Problem statement:
Pictures aside, quote the whole listing exactly.

Data provided:
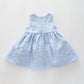 Girls Baby Blue Party Dress Ollies Place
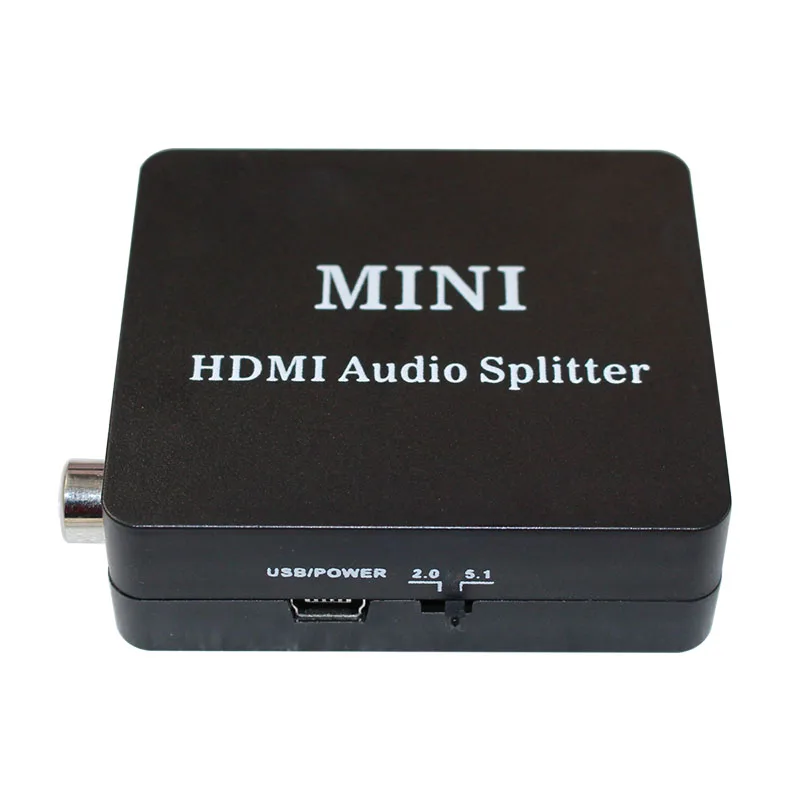 HDMI аудио экстрактор HDMI в HDMI с оптическим TOSLINK SPDIF+ 3,5 мм стерео аудио экстрактор конвертер HDMI аудио адаптер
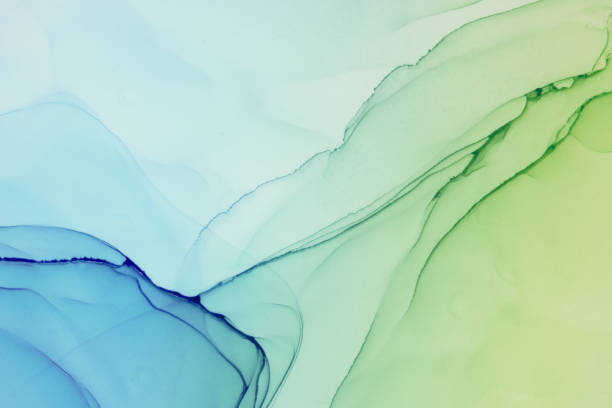 Free Stock Photo of Abstract green ink patterns in water | Download ...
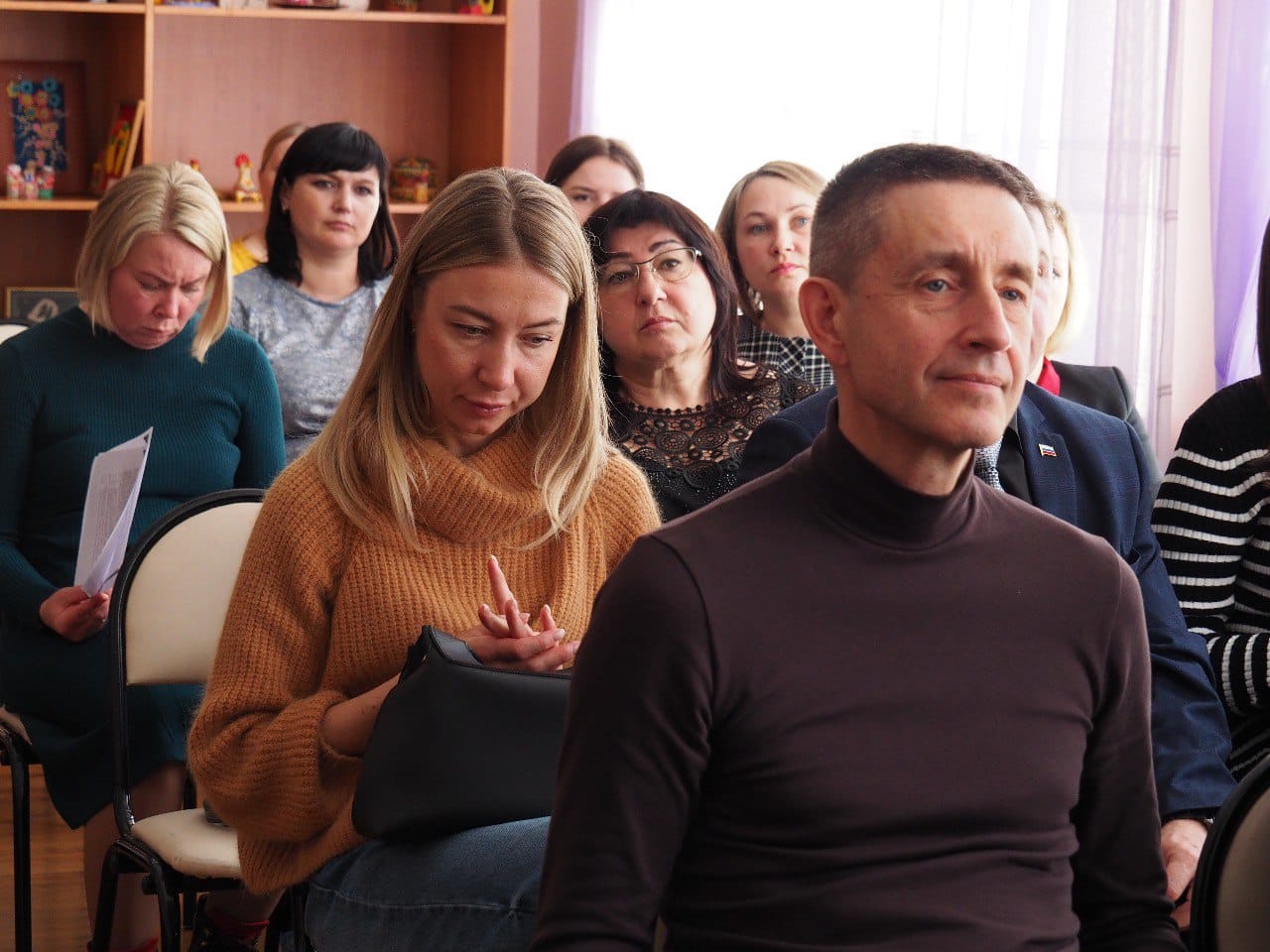 Ответственные секретари муниципальных комиссий районов области приняли участие в в экспертном семинаре программы "Дети в семье"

Expected answer:
 Girls Baby Blue Party Dress Ollies Place
 HDMI аудио экстрактор HDMI в HDMI с оптическим TOSLINK SPDIF+ 3,5 мм стерео аудио экстрактор конвертер HDMI аудио адаптер
 Free Stock Photo of Abstract green ink patterns in water | Download ...
 Ответственные секретари муниципальных комиссий районов области приняли участие в в экспертном семинаре программы "Дети в семье"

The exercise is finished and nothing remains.